However, An Act of Worship isn’t all gloom. It shows young Muslims taking leading roles in campaigns to get out the vote and forming community groups, finding non-Muslim allies in areas of common concern such as immigration reform. An Act of Worship shows Muslims acting out their faith’s imperative for social justice. It’s not a film likely to show up at any multiplex or even on the regular schedules of cinemas dedicated to films beyond the Hollywood mainstream.
The election of Donald Trump in 2016 and his administration’s pandering to hate added urgency to the Muslim Film Festival’s mission. In the aftermath of that election, “we definitely started to make certain that every festival had one or two films that talked about the impact of xenophobia and racism, the impact of the non-ending wars we imposed on Middle Eastern countries,” Najeeb said. “We made sure we had people who could discuss these things in talk-back sessions.”
She considers the event to be a family film festival. “It’s something you’d be comfortable bringing your children to,” she said, despite the reality of war and prejudice present in some selections. “We chose films with minimum profanity and sexual situations. We want parents to be comfortable bringing their kids because education starts at an early age. Understanding of other cultures and religions should start early.”

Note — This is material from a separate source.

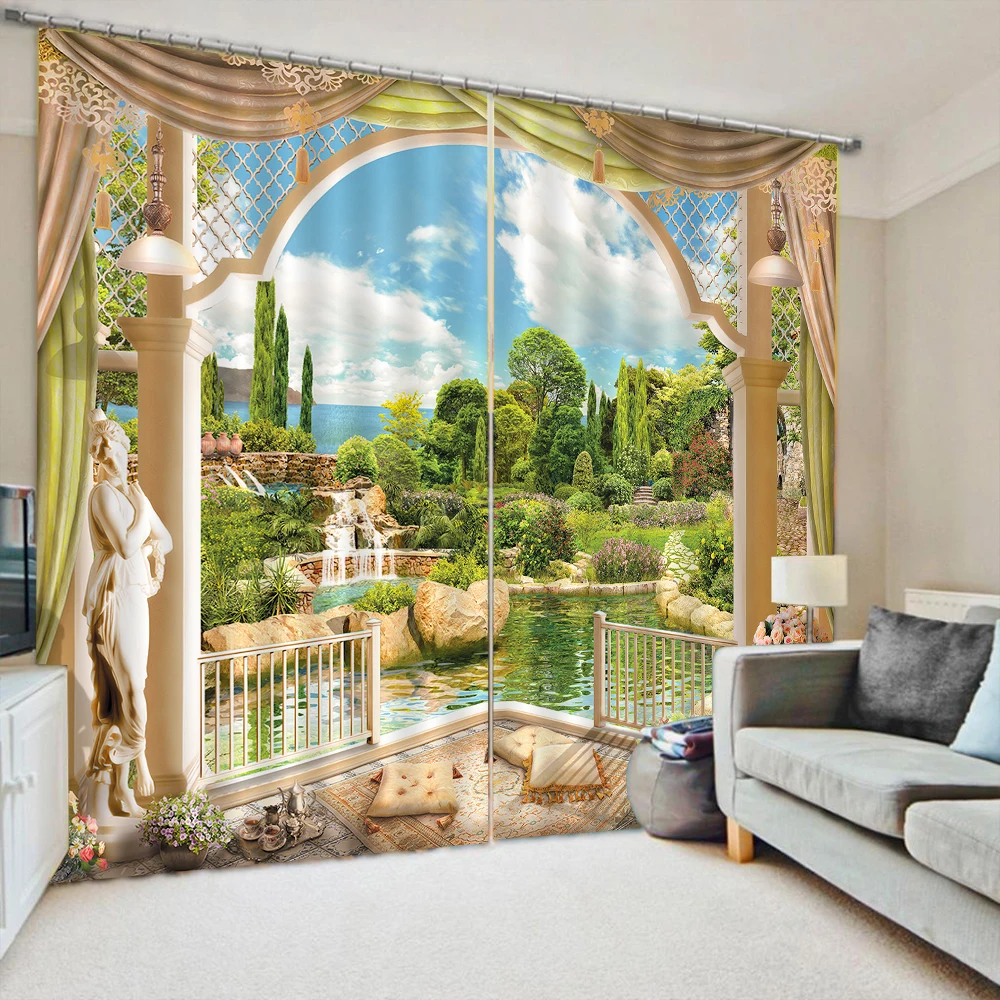 Beautiful Photo Fashion Customized 3D Curtains green Lakeside curtains Decoration curtains 
Beautiful Photo Fashion Customized 3D Curtains green Lakeside curtains Decoration curtains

The films are selected by a programming committee whose members screen possible selections separately to avoid the danger of swaying each other by watching as a group. “We then share our opinions—thumbs up, two thumbs up, absolute yes, absolute no. I favor documentaries, but dramas and comedies are also important. This year we have many more serious films. That’s just what happens. We don’t have an unlimited number of days for the festival, and we want to choose the best of the newest films.

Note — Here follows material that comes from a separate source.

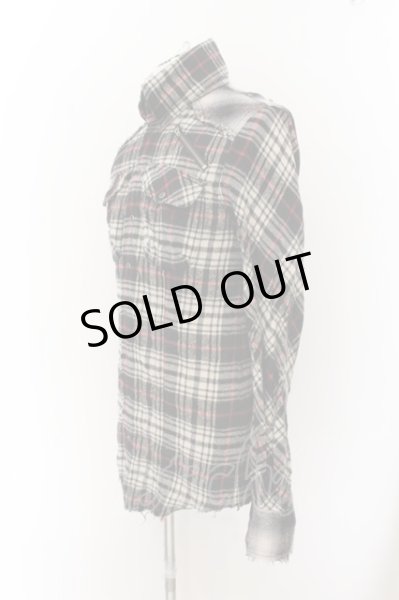 画像2: LGB / SHIRT-G/M リネン混ウールチェックシャツ【メンズ1】 1 ブラックｘアイボリーｘレッド O-24-12-26-117-LG-sh-YM-ZT107 (2)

The Oriental Theatre is a 95 year old landmark theater in Milwaukee, Wisconsin operated by Milwaukee Film at 2230 N Farwell Ave, Milwaukee, WI
Milwaukee is unique for having an event of this kind. “We are one of the only independent Muslim film festivals in America,” Najeeb said. “There are Middle Eastern film festivals, Turkish film festivals, Iranian film festivals—we searched all over before starting our festival. We thought, ‘We don’t want to reinvent the wheel,’ but we found there was no one to seek guidance from!”
Lessons were learned after the first years. “We held the festival at several different theaters to start because we were trying to make it accessible by being in a variety of places,” Najeeb continued. “But we found that too many places can also be confusing. We were approached by Milwaukee Film’s executive director, Jonathan Jackson about bringing the festival to the Oriental, a beautiful theater. It’s the appropriate home for the Milwaukee Muslim Film Festival.”